The most fascinating thing about The King: Eternal Monarch is how unafraid it is of genre. (Which, I have since learned, is one of writer Kim Eun-sook’s signature traits.) This one show seamlessly blends science fiction and fantasy, police procedurals and romantic dramas, with a little political and palace intrigue thrown in for good measure. This is all but unheard of in the West, where the mere threat of science fiction is enough to scare audiences off. Surely you remember the barrage of think pieces that tried to explain how Game of Thrones was successful in creating appeal among demographics that would otherwise be turned off by all of that “Lord of the Rings nonsense”. Here, our hero uses the idea of zero being a complex number to flirt.

Lee Min-ho and Jung Eun‑chae in Netflix's The King: Eternal Monarch.

I’m new to this. Which means that all of this is new to me. If you are a seasoned observer, you might already know how all of this plays out. As for me, besides the simple notion of “love conquers all”, I have no idea what’s coming next. And it’s left me counting down the days until the next episode.

If you’ve been here all this time, if you’ve been a long-time devotee, then this is me reaffirming what you already knew. I’m not here to preach to the converted. I’m here to join your heavenly choir.

If you’re not already watching The King: Eternal Monarch, or K-drama in general, I’m here to tell you not to be like me. Stop wasting your life watching reruns of The Big Bang Theory. Do yourself a favour and get in on this instead. I promise that you won’t be disappointed.

I’m going to leave you now with a picture of Lee Min-ho on a white horse.

Lee Min-ho in Netflix's The King: Eternal Monarch.

The King: Eternal Monarch
Director: Baek Sang-hoon
Writer: Kim Eun-sook
Cast: Lee Min-ho, Kim Go-eun, Woo Do-hwan, Kim Kyung-nam, Jung Eun-chae, and Lee Jung-jin

The first four episodes of The King: Eternal Monarch are now streaming on Netflix. New episodes drop every Friday and Saturday night at 10:30PM (MYT).

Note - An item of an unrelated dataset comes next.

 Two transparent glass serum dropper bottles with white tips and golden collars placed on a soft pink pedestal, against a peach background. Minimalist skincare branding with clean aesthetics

Uma has been reviewing things for most of his life: movies, television shows, books, video games, his mum's cooking, Bahir's fashion sense. He is a firm believer that the answer to most questions can be found within the cinematic canon. In fact, most of what he knows about life he learned from Ace Ventura: Pet Detective. He still hasn't forgiven Christopher Nolan for the travesties that are Interstellar and The Dark Knight Rises.